At right is a cut out from Complex.com. If you click on it, you can get to be your own personal Banksy (see, I knew there was a way to encourage anarchic autonomous art!). Spray can not included.
(Thank you, Eileen!)
Finally, speaking of things I have been trying to read, I came across this article, "Divine Comedy," by Julian Gough, on the dominance of tragedy over comedy in contemporary fiction. He calls modern novels "worthy and dull," but I have to disagree on the latter. Was of his assessment is right: comedy is rarely treated as seriously as tragedy these days (ironic, huh?), whether one's talking about academe or mainstream literary institutions. (And comic poetry is widely considered to be even more beyond the horizon than comic fiction or prose.) Yet in an effort to make his point, he's goes a bit overboard. It's also the case that too much humor, especially of the ironic and satirical sort, loses its edge without the intermittent relief of other modes, especially the tragic, or turns into something supercilious and tart. We were supposedly in the post-ironic age after 9/11, though the people who uttered such pronouncements had obviously forgotten about what was going on in Washington, DC, which has been so tragic it's worthy of treatment in ancient comic form.

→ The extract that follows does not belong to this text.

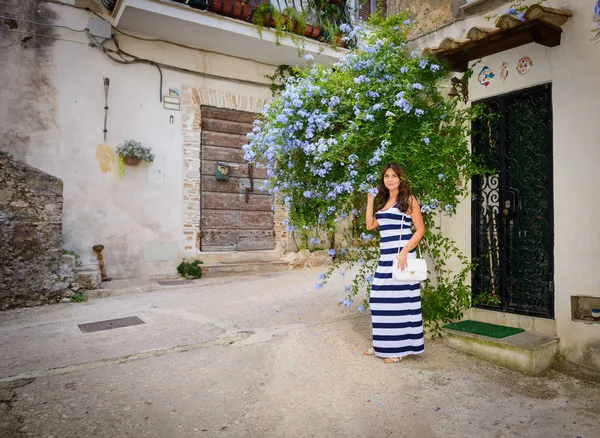 Jolie Fille Posant Dans Une Petite Ville Appelée Circeo Près — Photo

Of course he says a lot more, including things that will make no religionist and few people teaching literature and creative writing in the academy very happy, such as:
The literary novel, by accepting the embrace of the universities, has moved inside the establishment and lost contact with what made it vital. It has, as a result, also lost the mass audience enjoyed by Twain and Dickens. The literary novel—born in Cervantes's prison cell, continued in cellars, bars and rented rooms by Dostoevsky, Joyce and Beckett—is now being written from on high. Not the useful height of the gods, with its sharp, gods'-eye view of all human classes, all human folly, but the distancing, merely human height of the ruling elite, just too high up to see what's happening on the street below.And:
Luckily this situation is self-satirising. Campus authority generates campus comedy. The senior academic novelist is trapped in the small world of the university, cut off from the big world, embodying authority yet still driven to write. In this situation the novel, if it is to live, must turn against the novelist. Malcolm Bradbury and David Lodge, writing novels at night, attacked their day-selves, their academic selves, as absurd buffoons whose work was meaningless. And the novelist in them was right.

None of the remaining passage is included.